Artikel 5:32 Begripsbepalingen en artikel 5:32A Crossterreinen Bij afdeling 7 Crossterreinen en gemotoriseerd en ruiterverkeer in natuurgebieden is een nieuw artikel begripsbepalingen toegevoegd. Dit leidt tot het vernummeren van het artikel over Crossterreinen. Dit is 5:32A geworden. Tevens heeft een redactionele aanpassing plaatsgevonden.
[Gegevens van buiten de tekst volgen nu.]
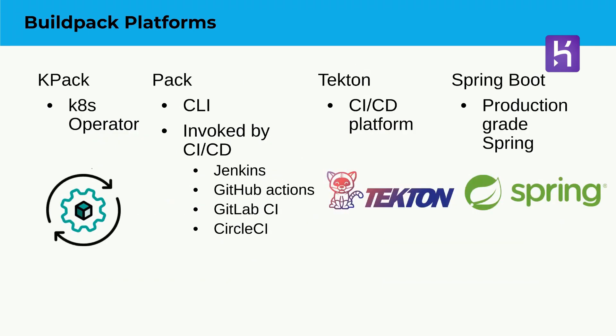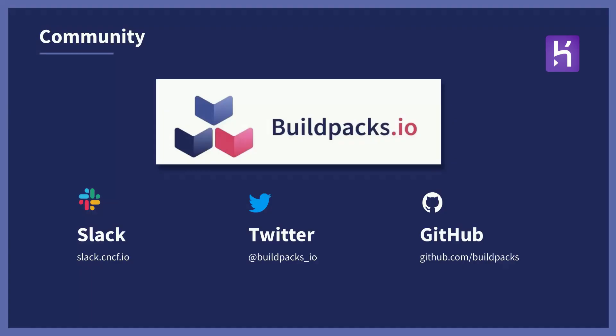If you want to move beyond the local experience, there are other Buildpack platforms available. There's a Kubernetes operator that's part of the project called kpack. All the way to inside the Spring Boot framework, you can build production-grade Java images with the Java toolchain itself. If you're interested in learning more, head to buildpacks.io for documentation and examples. You can also find us on the CNCF Slack under the Buildpacks channel and on GitHub under the Buildpacks organization.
Overbodige begripsomschrijving is geschrapt.

Vervallen APV-artikelen Artikel 1:9 Positieve beschikking bij niet tijdig beslissen Paragraaf 4.1.3.3. van de Algemene wet bestuursrecht (positieve beschikking bij niet tijdig beslissen) is van toepassing voor de volgende artikelen in deze verordening: a artikel 5:18: Standplaatsvergunning en weigeringsgronden; b artikel 5:23: Vergunning organisatie snuffelmarkt. Artikel 1:10 Geen positieve beschikking bij niet tijdig beslissen Paragraaf 4.1.3.3 van de Algemene wet bestuursrecht (positieve beschikking bij niet tijdig beslissen) is niet van toepassing op de volgende artikelen in deze verordening: a artikel 2:25: Vergunning evenementen; b artikel 2:28: Exploitatievergunning horeca; c artikel 2:40b Vergunningplicht head-, smart- en growshops; d artikel 3:4: Vergunning seksinrichting; e artikel 4:18: Ontheffing van het verbod tot recreatief nachtverblijf buiten kampeerterreinen. De gemeenteraad heeft in zijn vergadering van 15 december 2011 besloten bovengenoemde artikelen op te nemen in de APV. De VNG stelt nu voor om, omwille van de duidelijkheid, niet langer in deze twee artikelen te regelen voor welke onder de Europese Dienstenrichtlijn vallende vergunningen wel of geen LSP van toepassing is, maar bij ieder afzonderlijk artikel zelf. Artikelen 1:9 en 1:10 vervallen daarom. Artikel 2:22 Objecten onder hoogspanningslijn 1 Het is verboden binnen een afstand van zes meter aan weerszijden van voor stroomgeleiding bestemde draden van bovengrondse hoogspanningslijnen voorwerpen, opgaand houtgewas of andere objecten, die niet zijn aan te merken als bouwwerken, hoger dan twee meter te plaatsen of te hebben. 2 Het college kan van het in het eerste lid gestelde verbod ontheffing verlenen indien de elektrische spanning van de bovengrondse hoogspanningslijn dat toelaat. 3 Het in het eerste lid gestelde verbod geldt niet voor objecten die deel uitmaken van de hoogspanningslijn. Dit artikel regelt een verbod om voorwerpen of gewassen onder hoogspanningslijnen te plaatsen. Veel gemeenten regelen deze kwestie in hun bestemmingsplannen. Ook in de gemeente Terneuzen is dit in de bestemmingsplannen geregeld. Als gevolg hiervan is de bepaling in de APV overbodig en kan die worden geschrapt.